At this point details are sketchy one can only speculate on how the SBA deal will pan out.
One thing is clear: real estate prices in the affected areas should go up.
“Because the value of land is tied to its use, real estate values are expected to get a significant boost,” said George Mouskides, general manager of FOX Smart Estate Agency.
“Previously, locals could only build one house on their land; now, they will be able to build, say, two or three houses on the same land plot.”
And there’s a great deal of prime real estate in the SBAs, including coastline land.
But with a deep recession, bank credit tight, the property market depressed and many developers themselves in the red to the tune of hundreds of millions, where will the cash come from?
Foreign investors and/or banks may be the first to bankroll development projects in the SBA territories, suggests Mouskides.
“It’s not unreasonable to expect financing from non-Cypriot organizations, given for example the recent upgrade – even if slight – of confidence in the Cyprus economy by Standard and Poor’s.
“But given that it will take quite some time for the economy to rebound, we should not get ahead of ourselves.
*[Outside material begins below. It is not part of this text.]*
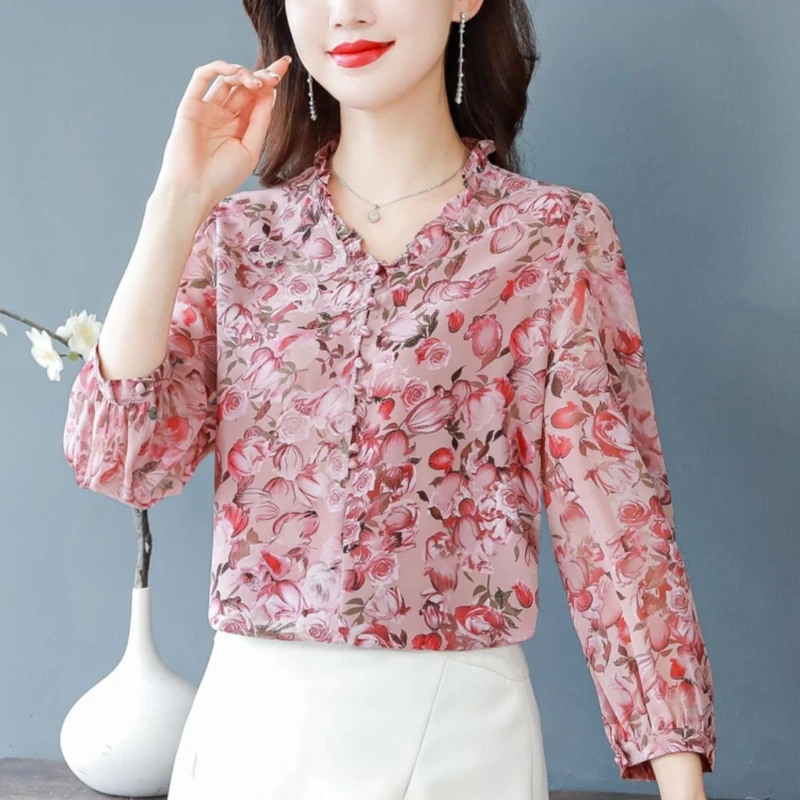 2024 Summer New Fashion Age Reducing Top Women\'s Chiffon Fragmented Flower Thin Shirt Western Loose Style Casual Fashion Shirt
On the other hand, since at any rate the lead time for town planning permits typically takes years – though the government has pledged to reform this – by the time current permit applications are approved the economy might look very different than it does today.”
Whenever the action in the SBAs does pick up, Mouskides sees a mix of both residential and non-residential development. For example, Limassol residents may start buying up land and moving to the Akrotiri SBA before real estate prices there equalize with the rest of the island.
“Overall, the SBA agreement is certainly a positive one…how it’s actually implemented remains to be seen,” added Mouskides.
And one should not imagine that people will be queuing up to buy and sell property in the SBA, cautioned a former official with the Technical Chamber (ETEK).
“I realise that this might rain on the government’s parade, but there you have it,” commented the source, who preferred not to be named.
He warned also of the risk of unsustainable and ‘out of control’ development.
“This goes for the whole of Cyprus, obviously. But if our track record is anything to go by – look at Ayia Napa for instance – then one is more pessimistic than optimistic. If by development we simply intend to sell homes and villas to the British and Chinese…then that’s shortsighted.”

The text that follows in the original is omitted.